_Exercise description_
Excluding pictures, what does the listing below contain from the line with "Mons Royale - Women's" up to and including the line with "Venezuelan Handmade Coasters Set of 4", word for word?

_Records to process_
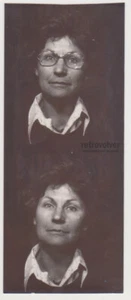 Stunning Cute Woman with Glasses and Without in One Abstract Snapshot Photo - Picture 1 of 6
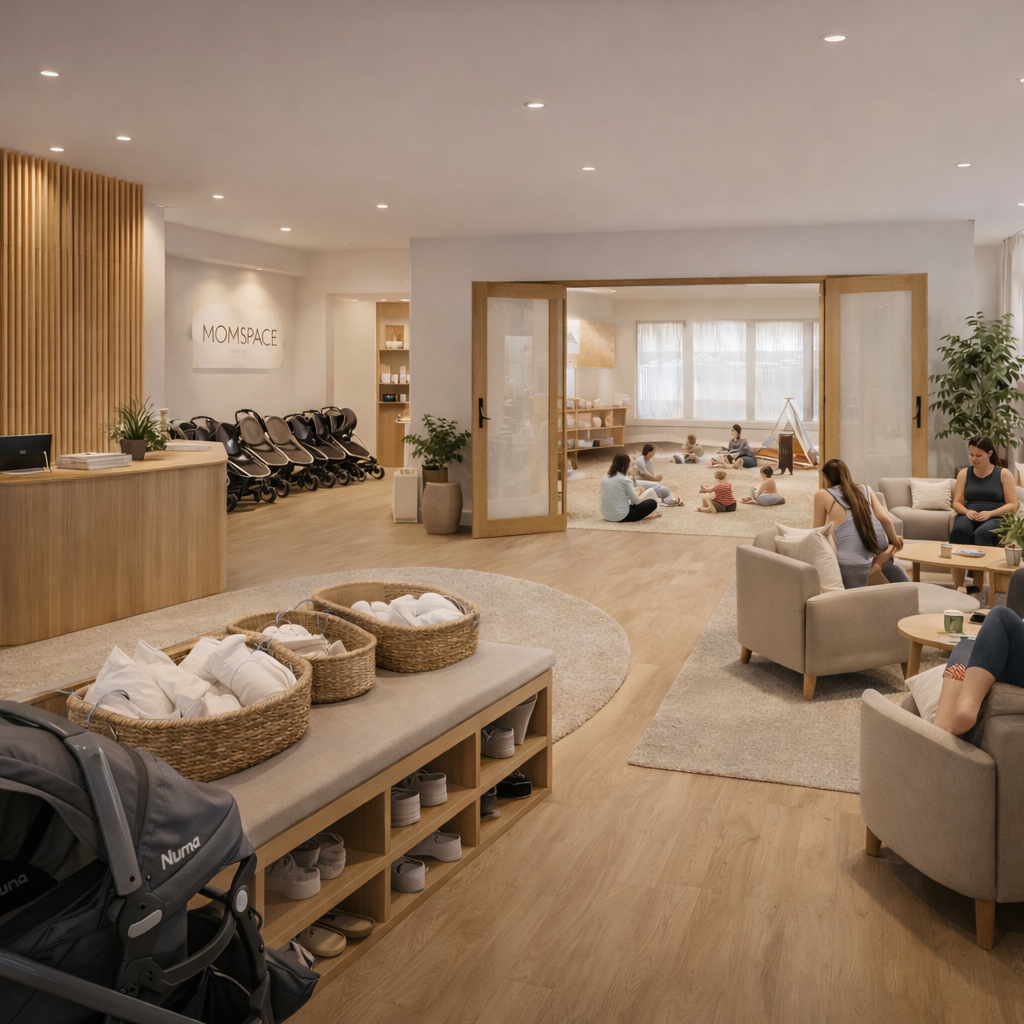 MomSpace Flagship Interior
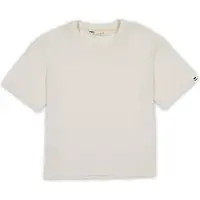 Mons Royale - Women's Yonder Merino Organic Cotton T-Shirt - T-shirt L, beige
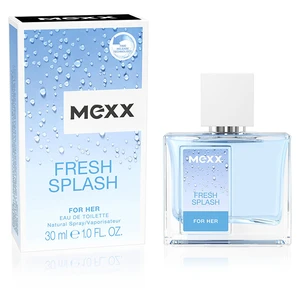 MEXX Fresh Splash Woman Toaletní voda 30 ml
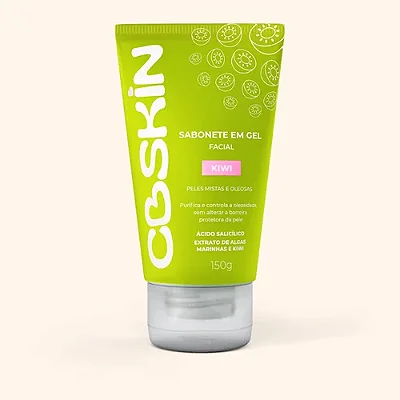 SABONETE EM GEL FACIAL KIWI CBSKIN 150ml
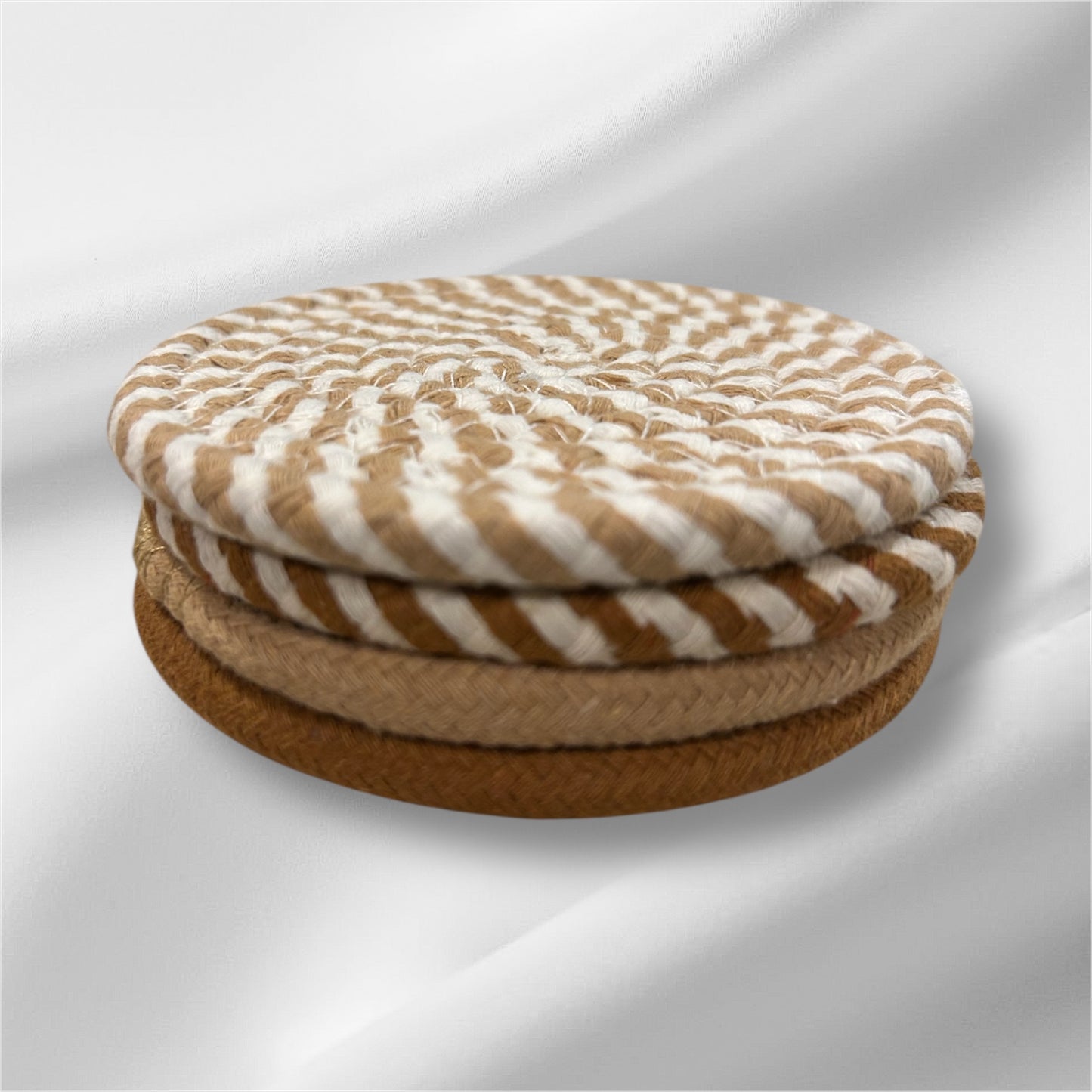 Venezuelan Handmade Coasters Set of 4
==
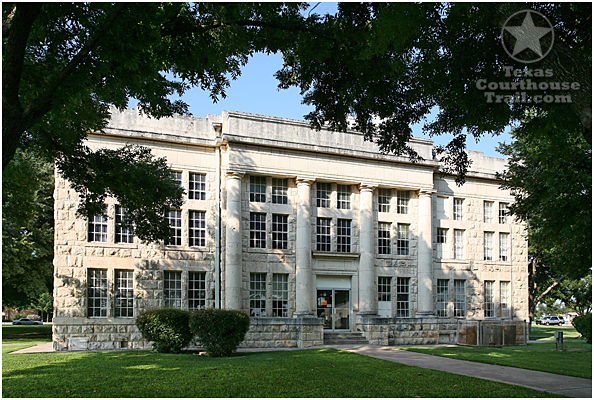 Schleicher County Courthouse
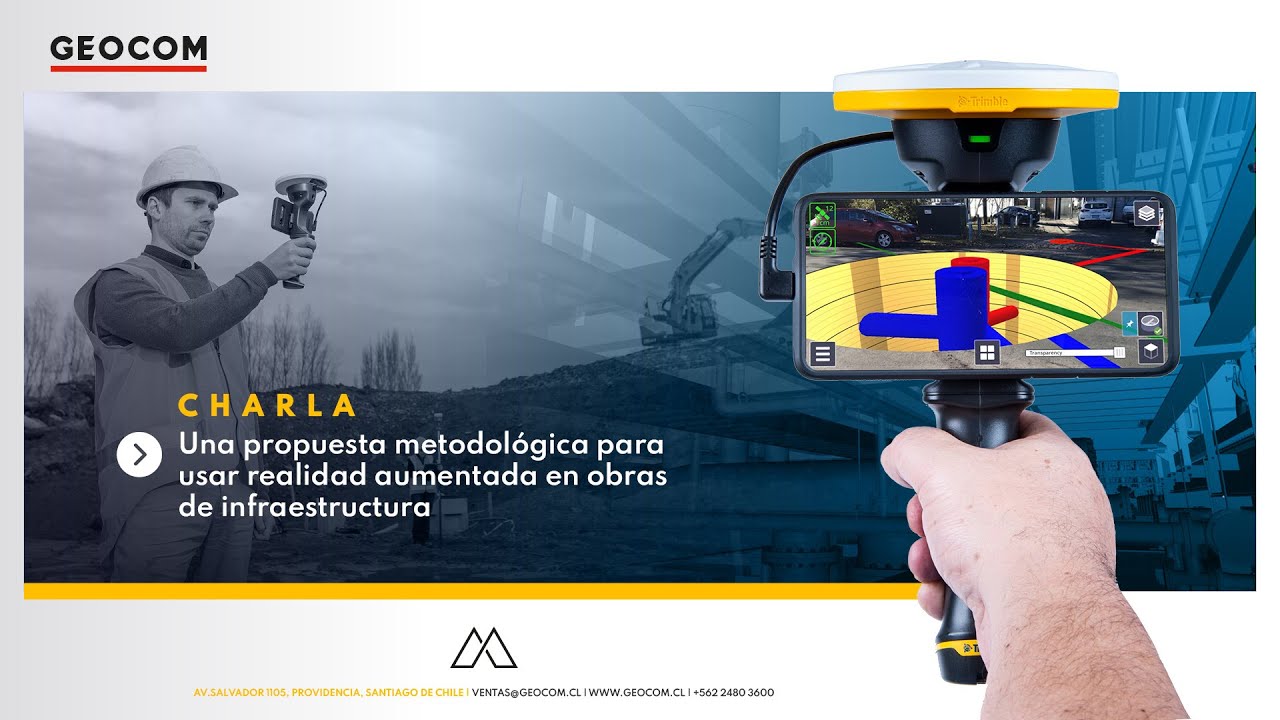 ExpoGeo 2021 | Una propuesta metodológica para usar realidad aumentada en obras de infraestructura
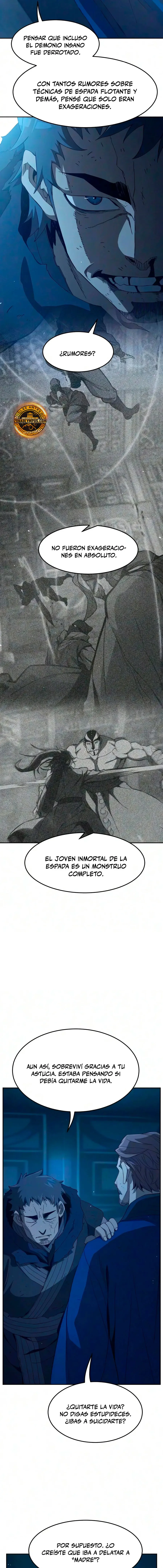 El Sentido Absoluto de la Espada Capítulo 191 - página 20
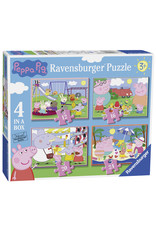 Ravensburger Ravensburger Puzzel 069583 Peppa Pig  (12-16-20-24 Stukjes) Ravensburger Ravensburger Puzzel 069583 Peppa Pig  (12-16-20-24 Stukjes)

_Task solution_
 Mons Royale - Women's Yonder Merino Organic Cotton T-Shirt - T-shirt L, beige
 MEXX Fresh Splash Woman Toaletní voda 30 ml
 SABONETE EM GEL FACIAL KIWI CBSKIN 150ml
 Venezuelan Handmade Coasters Set of 4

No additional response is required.